Many species of bacteria tend to form biofilms and many biofilms are polymicrobial, being composed of more than just one bacterial species. They include Gram-positive pathogens like Staphylococcus epidermidis, Staphylococcus aureus and Streptococcus pneumoniae as well as Gram-negative ones such as Pseudomonas aeruginosa and Escherichia coli. Biofilms confer many advantages to microorganisms since they allow them to temporarily exist in a multicellular state. This allows for survival in fluctuating and hostile environments9.

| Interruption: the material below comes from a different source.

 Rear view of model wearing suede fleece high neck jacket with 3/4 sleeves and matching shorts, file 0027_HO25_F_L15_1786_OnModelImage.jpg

The encapsulating matrix of a biofilm usually accounts for up to 90% of its biomass. It physically and chemically protects bacteria from dehydration, mechanical stress, predation, oxidizing agents, radiation, and other harmful agents, which include immune defenses and antibiotics9. It allows them to share scarce resources and help contain them in close proximity to one another. This in turn permits exchange of genetic material, which can lead to the spreading of traits, including drug resistance markers and other virulence factors. The presence of environmental gradients within biofilms leads to the formation of subpopulations of bacteria with different metabolic and structural morphologies, which may further confer antibiotic resistance. These include non-dividing persister cells. These bacteria are tolerant to most antibiotics and allow for the reestablishment of biofilms after treatment in clinical settings. This fundamentally leads to the chronic nature of bacterial infections9.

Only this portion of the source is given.